Nyero.ID – Gunung Kawi merupakan lokasi wisata ritual yang identik dengan aktifitas mistis seputar pesugihan.
Gunung dengan ketinggian mencapai 2.551 Mdpl ini terletak di Desa Wonosari, Kecamatan Wonosari, Malang, Jawa Timur.
Lokasi Gunung Kawi bersebelahan dengan Gunung Butak yang berada di sebelah kanan. Secara geografis, lokasi gunung ini berada di sebelah barat kota Malang, dengan jarak kurang lebih sekitar 40 Km.
Setidaknya dibutuhkan waktu sekitar 2 jam perjalanan melewati kota Kepanjen, di Kabupaten Malang.
A. Sejarah Gunung Kawi
Lokasi pembukaan hutan di Gunung Kawi bermula ketika Pangeran Diponegoro tertangkap pada tahun 1830.
Salah satu pengikutnya, yaitu Kyai Zakaria II yang dikenal sebagai penasihat spiritual Pangeran Diponegoro melarikan diri ke wilayah Jawa Timur dan mengganti namanya menjadi Eyang Sujugo atau Eyang Jugo.
Kepada muridnya yang bernama RM. Iman Sujono (Eyang Sujo) yang tak lain adalah senopati Pangeran Diponegoro, Eyang Jugo memerintahkan untuk membuka hutan di sebelah selatan Gunung Kawi.
Eyang Jugo pun berwasiat bahwa dirinya ingin dimakamkan di tempat tersebut.
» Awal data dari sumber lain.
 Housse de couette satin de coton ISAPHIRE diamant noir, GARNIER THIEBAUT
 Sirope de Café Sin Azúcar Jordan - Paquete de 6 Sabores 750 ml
Ia juga meramalkan bahwa kelak lokasi tersebut akan ramai dikunjungi orang dan menjadi tempat pengungsian.
B. Jalur Pendakian Gunung Kawi

Gunung Kawi merupakan salah satu objek wisata dengan keunikan tersendiri, dimana banyak ditemukan jejak situs peninggalan sejarah bergaya Tiongkok di sekitar kaki gunung.
Di sepanjang jalan pun para pengunjung akan menjumpai bangunan-bangunan dengan gaya arsitektur khas Tiongkok, salah satunya adalah keberadaan kuil atau klenteng yang merupakan tempat sembahyang bagi penganut Kong Hu Chu.
Di lokasi ini juga sudah tersedia berbagai fasilitas seperti hotel, losmen maupun penginapan di rumah penduduk bagi pengunjung yang ingin bermalam di lokasi wisata ini.
Adapun jalan dari tempat parkir menuju ke lokasi pemakaman atau pesarean berupa tangga sepanjang kurang lebih 750 meter dengan kemiringan mencapai hampir 35 derajat.
Selain penginapan, di lokasi ini juga terdapat banyak stan penjual bunga untuk sesaji dan juga warung makanan maupun souvenir.
Di lereng Gunung Kawi terdapat dua buah patung raksasa yang dianggap sebagai penjaga pintu gerbang.
Selanjutnya pengunjung akan menjumpai gapura satu sampai tiga hingga berada di area plataran pesarean Gunung Kawi.
Pada jalur pendakian ke puncak Gunung Kawi, diawali dengan masuk ke gerbang Kawisari dan dilanjutkan dengan perjalanan menuju ke perkebunan teh Senggrong.
Jalur pendakian yang banyak dipilih adalah melalui Keraton yang terletak di dusun Gendogo, Balesari, Kecamatan Nganjum, Malang. Aroma dupa yang begitu menyengat bisa langsung tercium begitu tiba di lokasi Keraton.
Dengan jalur pendakian ini dibutuhkan waktu sekitar 11 jam menuju ke puncak gunung.
Di sepanjang jalur pendakian tersebut pendaki masih bisa melihat rimbunnya tumbuhan di sekitar jalan, sementara mendekati puncaknya kondisi jalanan semakin berlumut.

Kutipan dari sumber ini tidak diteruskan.